One of the items brought up in the discussion fascinates me. What is it that pushes a driver on to want more than one title? I remember Kimi Räikkönen saying that he had achieved what he wanted to achieve on winning his first title. That satisfaction might be seen to be (or actually be) a serious disadvantage in the following phase of a driver's career - from the point of view of those only interested in multiple titles. I believe that team preferance often disadvantages the other driver's performance - Barrichello being a prime example. It does tarnish a driver's record if he never measured himself alongside another champion.


Just compare Nico Rosberg and Hamilton. Rosberg knew he wasn't the best and 1 title, which at least put him in the top league, was all he could push himself to achieve. Hamilton believes he is the best and so, whilst he knows his talent remains undimmed, his drive to win is unquenchable - like Schumacher/Senna and the other serial champions.
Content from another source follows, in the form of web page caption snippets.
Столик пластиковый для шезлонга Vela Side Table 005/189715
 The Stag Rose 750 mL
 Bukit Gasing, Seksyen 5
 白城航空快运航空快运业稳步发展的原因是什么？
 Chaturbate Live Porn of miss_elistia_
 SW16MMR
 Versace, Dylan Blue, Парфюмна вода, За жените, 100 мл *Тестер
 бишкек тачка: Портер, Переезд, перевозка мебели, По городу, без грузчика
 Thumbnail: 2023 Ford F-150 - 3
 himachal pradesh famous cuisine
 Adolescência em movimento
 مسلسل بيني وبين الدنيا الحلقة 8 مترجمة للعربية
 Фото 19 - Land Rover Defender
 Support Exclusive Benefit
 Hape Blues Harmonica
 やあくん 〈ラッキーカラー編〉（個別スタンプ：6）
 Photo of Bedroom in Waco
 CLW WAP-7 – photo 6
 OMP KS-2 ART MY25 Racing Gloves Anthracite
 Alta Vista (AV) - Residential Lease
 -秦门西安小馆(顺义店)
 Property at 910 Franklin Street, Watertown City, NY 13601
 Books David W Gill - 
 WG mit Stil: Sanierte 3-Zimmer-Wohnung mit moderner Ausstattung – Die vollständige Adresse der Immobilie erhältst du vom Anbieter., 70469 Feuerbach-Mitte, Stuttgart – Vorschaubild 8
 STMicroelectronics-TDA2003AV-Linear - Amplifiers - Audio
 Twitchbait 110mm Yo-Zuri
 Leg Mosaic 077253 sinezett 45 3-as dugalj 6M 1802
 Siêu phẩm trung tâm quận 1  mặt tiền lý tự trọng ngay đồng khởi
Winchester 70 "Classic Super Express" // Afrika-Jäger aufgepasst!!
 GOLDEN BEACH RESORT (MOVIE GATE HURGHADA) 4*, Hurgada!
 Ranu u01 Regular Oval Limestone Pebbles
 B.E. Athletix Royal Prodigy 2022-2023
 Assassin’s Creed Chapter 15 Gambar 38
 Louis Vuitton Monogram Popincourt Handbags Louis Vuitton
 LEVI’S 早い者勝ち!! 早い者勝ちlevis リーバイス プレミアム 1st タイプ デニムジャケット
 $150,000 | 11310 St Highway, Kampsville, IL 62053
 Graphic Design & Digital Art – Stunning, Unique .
The difference is in the hunger for and ruthlessness in pursuit of success. Rosberg got married and has a family now. Hamilton, like Senna, didn't and doesn't. ..
That's not necessarily true; he pushed himself to perform all through his career. But the opportunity window is much narrower for those with a bit less talent. Imagine Hamilton not signing for Mercedes, and Rosberg could possibly have as many titles as Lauda.

In a way, those with the greater talent, like Hamilton and Alonso, 'deserve' a bit less admiration than those who have to dig deeper to achieve the same performance. Yet that won't prevent us from acknowledging the talent of the 'best'. But what causes one driver to keep seeking more and more titles, why another might simply be content that he won 'his' title? Perhaps I should put that question to a sports psychologist, but such a person normally doesn't have first-hand experience.

Returning to Niki Lauda for a moment; was he the best because he achieved what he did despite having to buy himself into F1, or was it Schumacher who was given means and opportunity unavailable to any other driver on the grid?

I like Harpo's mention of Jabouille; my late brother's favourite.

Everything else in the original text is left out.